*****************
*** LESSON 3 ***
*****************

* 1.	Preliminary Operations
cd "C:\Desktop\lezione_3"
log using "lecture3.log", replace

* 2.	ESPOLORATIVE ANALYSIS OF THE panel_rl.dta DATABASE AND POLYNOMIAL SPECIFICATION
use panel_rl.dta, clear

describe
summarize

* I generate the variable age and its powers
ge eta=anno-anno_nascita

ge eta2=eta^2

ge eta3=eta^3


* multivariate regression:
* I can insert "fixed effects" with the prefix i.
* the prefix i.variable inserts a dummy variable into the regression for each value of "variable"

reg retrib03 eta n_dipendenti tempo_d occ_manuale uomo i.settore i.anno

* specify income as a cubic function of age

reg retrib03 eta eta2 eta3 n_dipendenti tempo_d occ_manuale uomo i.settore i.anno

*check the null hypothesis of linearity against the alternative hypothesis that the population regression is quadratic or cubic

test eta2 eta3

* Effect of going from 39 to 40: first we predict fitted values

predict y_hat

* the marginal effect is given by the variable "dif" in the output below.
* warning: this procedure is not correct for making statistical inference!
* the standard error of y_hat is calculated without taking into account that y_hat is a parameter derived from a regression model!

ttest y_hat if inrange(eta, 39,40), by(eta)


* to make statistical inference on marginal effects we replicate the regression from before.
* we use c.eta##c.eta##c.eta to specify a triple interaction of age (equivalent to entering eta eta2 and eta3, but this time we do not have to create the variables eta2 and eta3)

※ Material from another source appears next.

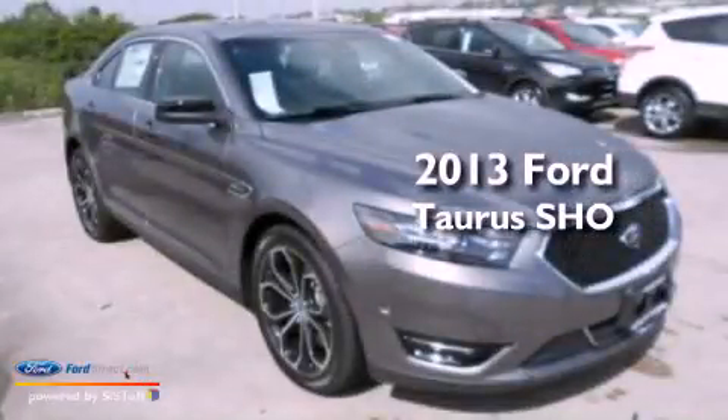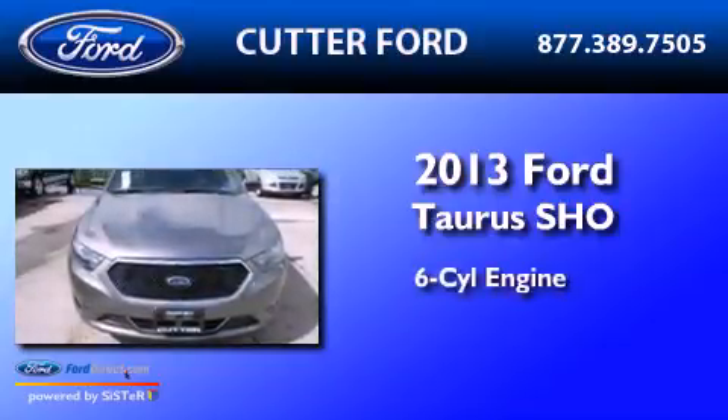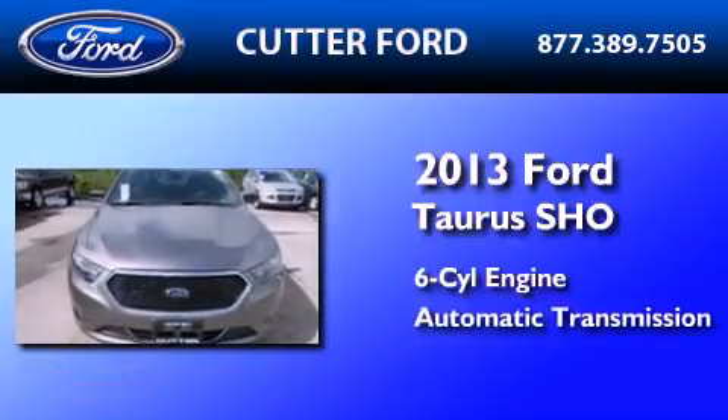This is a brand new 2013 Ford Taurus SHO. It features a six-cylinder engine and an automatic transmission.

reg retrib03 c.eta##c.eta##c.eta n_dipendenti tempo_d occ_manuale uomo i.settore i.anno

* the command below calculates the predicted values for each age level with the corrected error standards

margins, over(eta) post

* now we calculate the difference between the predicted values at 40 and 39 years old

di _b[40.eta]-_b[39.eta]

* we test whether this difference is equal to 0

test _b[40.eta]==_b[39.eta]

* the conclusions of the test are identical to those obtained with the wrong procedure ("ttest y_hat").
* however, if we tested a more uncertain hypothesis (e.g., that the predicted value of y is 41400 at 40 years) we might get different conclusions!

test _b[40.eta]==41400
ttest y_hat==41400 if eta==40


* 2.	LOGARITHMIC SPECIFICATIONS

*******************
*******************
* model with firm size as a linear function: 
* _b gives us the increase of Y for a unit increase of X (increase of one employee)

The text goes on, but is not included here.